The upcoming contest also will be a finale for their teacher, Kathy Ellefson. She's been teaching at Elk River since 1973, when such instruction was called Home Ec. She has seen the term shift to Family and Consumer Science, and now leads students in Food Occupations. She'll retire at the end of the school year -- but not without hoopla, if the students have anything to say about the teacher they call Miss Ellie.

"We don't know how we could do this without Miss Ellie," said Newbauer. "It's like we're her children."

"She buys groceries; she stays late," chimed in Coomer.

"She's always giving us scholarship applications," said Walbolt.

"And we have to keep our grades up because she's on it," added McGuire.

Air high-fives will do

"I tell them our goal is to get our name called," said Kavanaugh, who has driven from Kavanaugh's, his family's longtime resort complex on Sylvan Lake in the Brainerd area, to Elk River to mentor the students. He'll make the trip as often as necessary. Kavanaugh was a national judge last year, but stepped down so he could instead train this team; other states' teams grew when professionals took an interest. Some of the Twin Cities' top chefs, including Alex Roberts, Tim McKee and Jamie Malone, have lent their expertise.

The competition is daunt ing: Make two identical appetizers, entreés and desserts, start to finish, in one hour -- on two butane burners. The only "gimme" is that students can bring premade stock.

"You learn to use every heat source available," said Ellefson, unfolding a collapsible oven so it can sit on a burner. "Tori will melt her ganache by resting a bowl on top."

She beams at the students, calling them "hon" and "sweetheart." The last competition is bittersweet. "It's so cool how everyone embraces the process," she said, "We're training future generations."

Newbauer wants to be a pastry chef, and went toe-to-toe with Kavanaugh to make the case for a banana sabayon with chocolate ganache, caramelized pineapple and macadamia toffee. "I was so impressed that she stuck by her dessert idea," said Kavanaugh, who had resisted chocolate.

The students are self-taught -- or TV- and YouTube-taught. "We watch a lot of videos after school," Walbolt said.

"The Food Network is all I watch," McGuire said. "You get so many ideas. We're always texting each other saying: 'Watch what they're doing now.'"

But their work is not all flambé and Bobby Flay. They must calculate real-world menu prices based on food costs and profit margins.

They'll also be judged on knife skills, with two of them randomly chosen to do four of six options: julienne, brunoise, chiffonade, medium dice, mince, tomato concasse. The other two must cut a chicken into eight pieces.

Sanitation is a high priority, which is why Kavanaugh offers only mimed "air high-fives" to the students.

Walbolt, a politely intense young man, made the team last year as a junior. "I cooked a lot as a kid," he said, since his parents were busy, with his mother involved with a Cambodian choir that toured the United States.

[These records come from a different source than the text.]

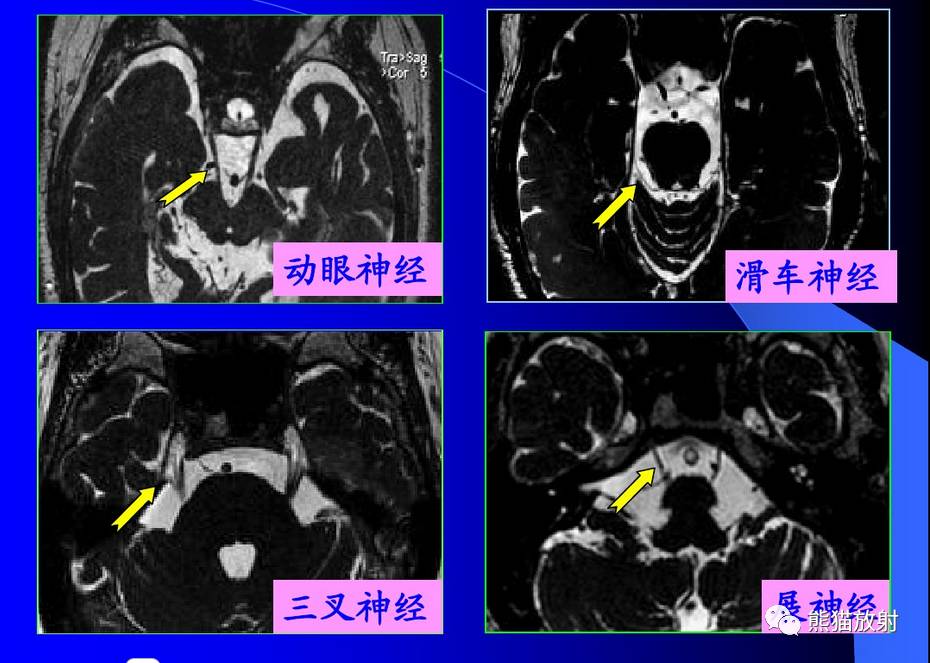 颅神经 mri 断层解剖【收藏】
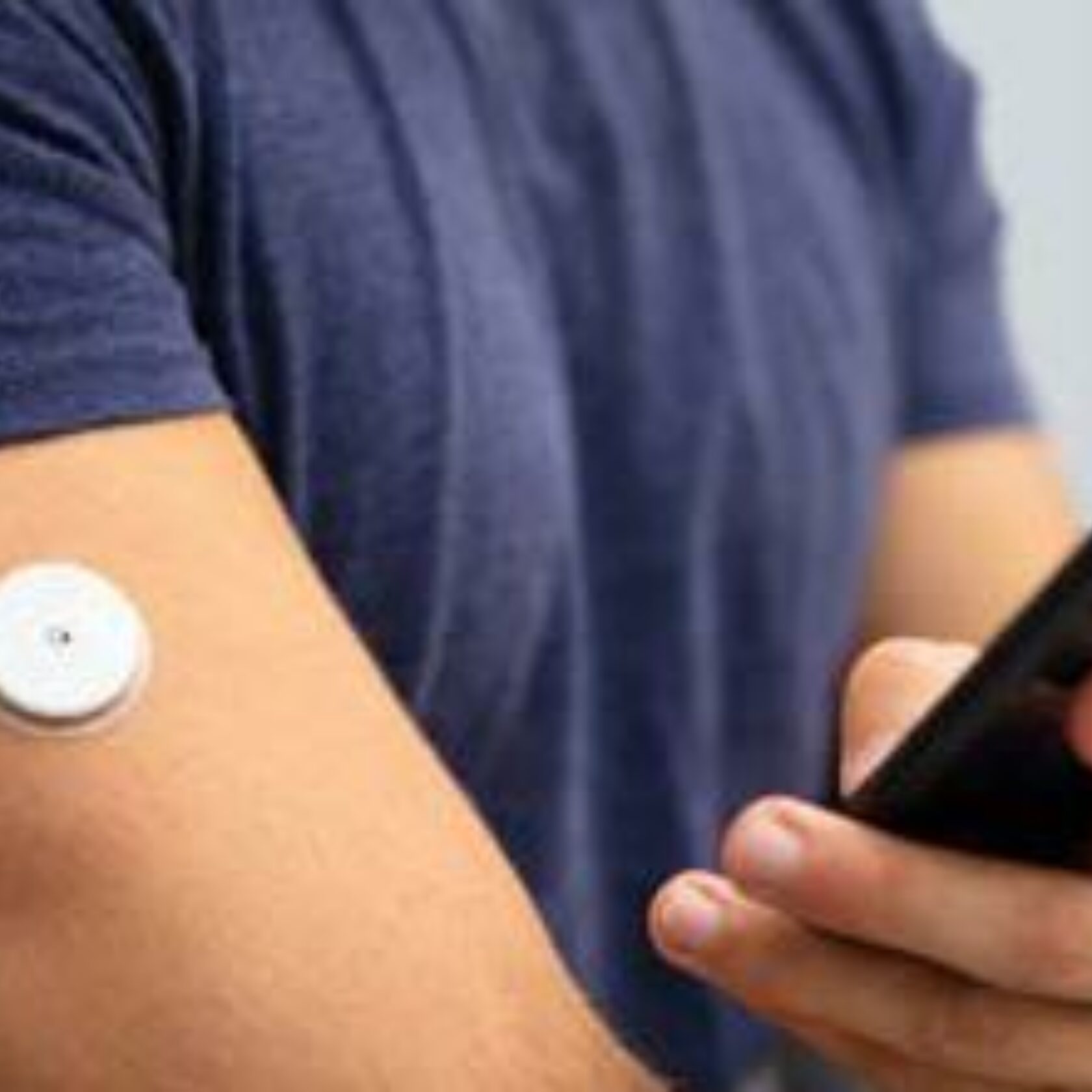 Mann hat ein CGM-Gerät zur Blutzuckermessung am Oberarm und kontrolliert seinen Blutzucker mittels Smartphone.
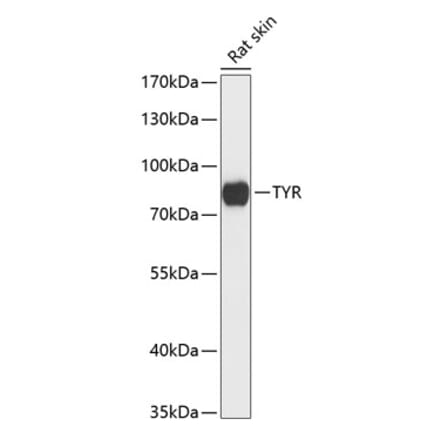 Western Blot - Anti-Tyrosinase Antibody (A91249) - Antibodies.com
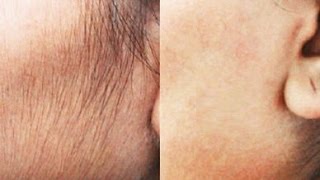 Remove Hair Permanently At Home Natural DIY  Face amp Upper Lip  SuperWowStyle [upl. by Erait583]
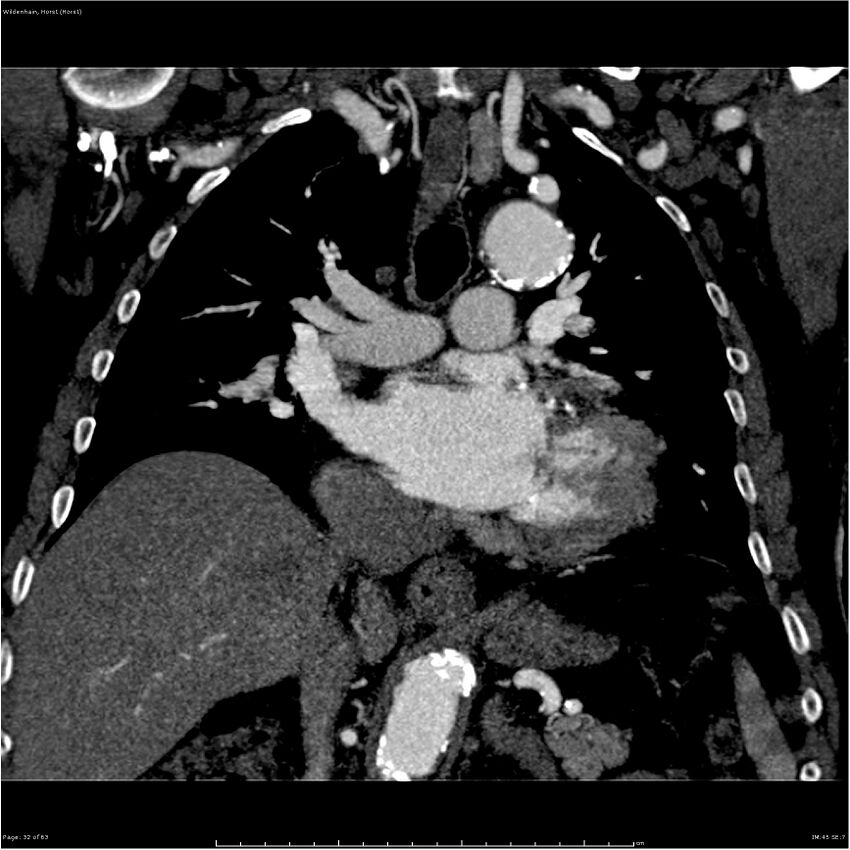 Aortic dissection - Stanford type A (Radiopaedia 26183-26315 A 32).jpg
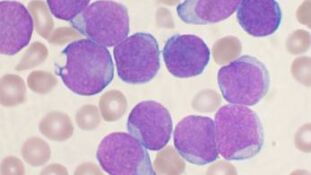 leucemia linfoide aguda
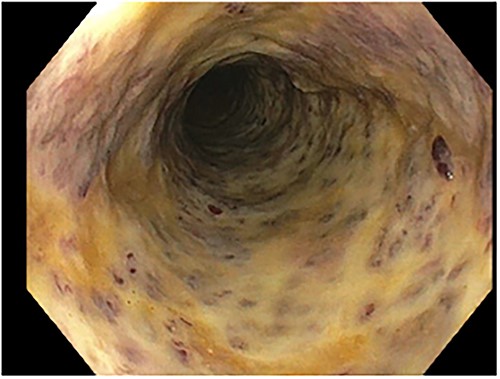 Colonoscopy: diffuse circumferential ulceration and a necrotic lining.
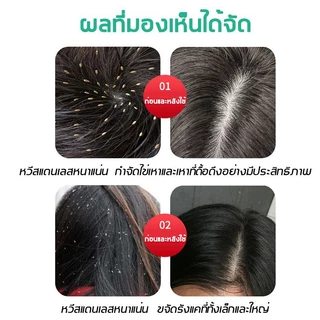 พร้อมส่ง 🔥หวีสางเหาไข่เหาก็หวีได้หมดขจัดเหาเป็นเรื่องง่ายเครื่องดูดเหา หวีเหาสางไข่เหาหวีดูดเหากำจัดเหาหวีเสนียดไฟฟ้า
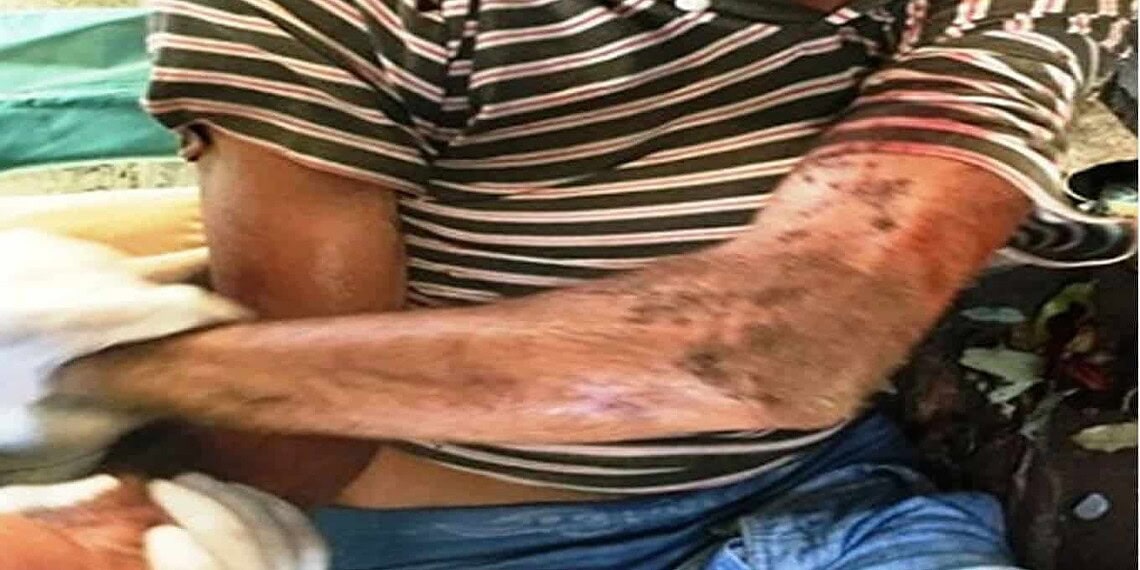 Homem invade gráfica, rende funcionário com gilete, mas acaba sendo linchado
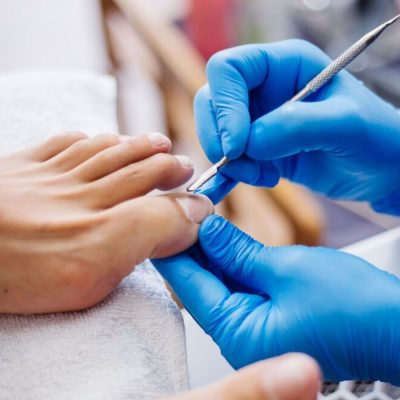 Onychomycosis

His father designed the striking elk logo on their chefs' jackets.

Coomer's older sister had been on an earlier team. "I like how it makes everyone work as a team," she said. "You learn to deal with stressful situations."

McGuire began taking food classes as a sophomore, kept at it, "and then me and Tori. ... "

"Tori and I," Newbauer corrected, grinning.

" ... Tori and I were chosen for the team by the others."

Newbauer, a junior, tells her story: "In ninth grade, I was in Miss Ellie's cooking class and I was with all the bad kids and we never got anything done. But I came to her and told her I wanted to be on the team. She kept working with me, and here I am."

Newbauer is obsessing about her dessert. The nut brittle needs to be thinner, and she's not sure where the caramelized pineapple should go on the plate, or if the brittle should be pulverized.

When Kavanaugh, holding a shard of brittle, moved toward the glossy dome of ganache covering her banana mousse, she squeaked in panic.

"I don't want that to get dented," she said, as he carefully anchored the candy in the chocolate. The brittle caught the light, whetting a diner's curiosity about what lay within.

"Now that's a dessert," he said, smiling. "Air high-five."

Newbauer smiled back: "I think we all like making people happy. That's why we cook."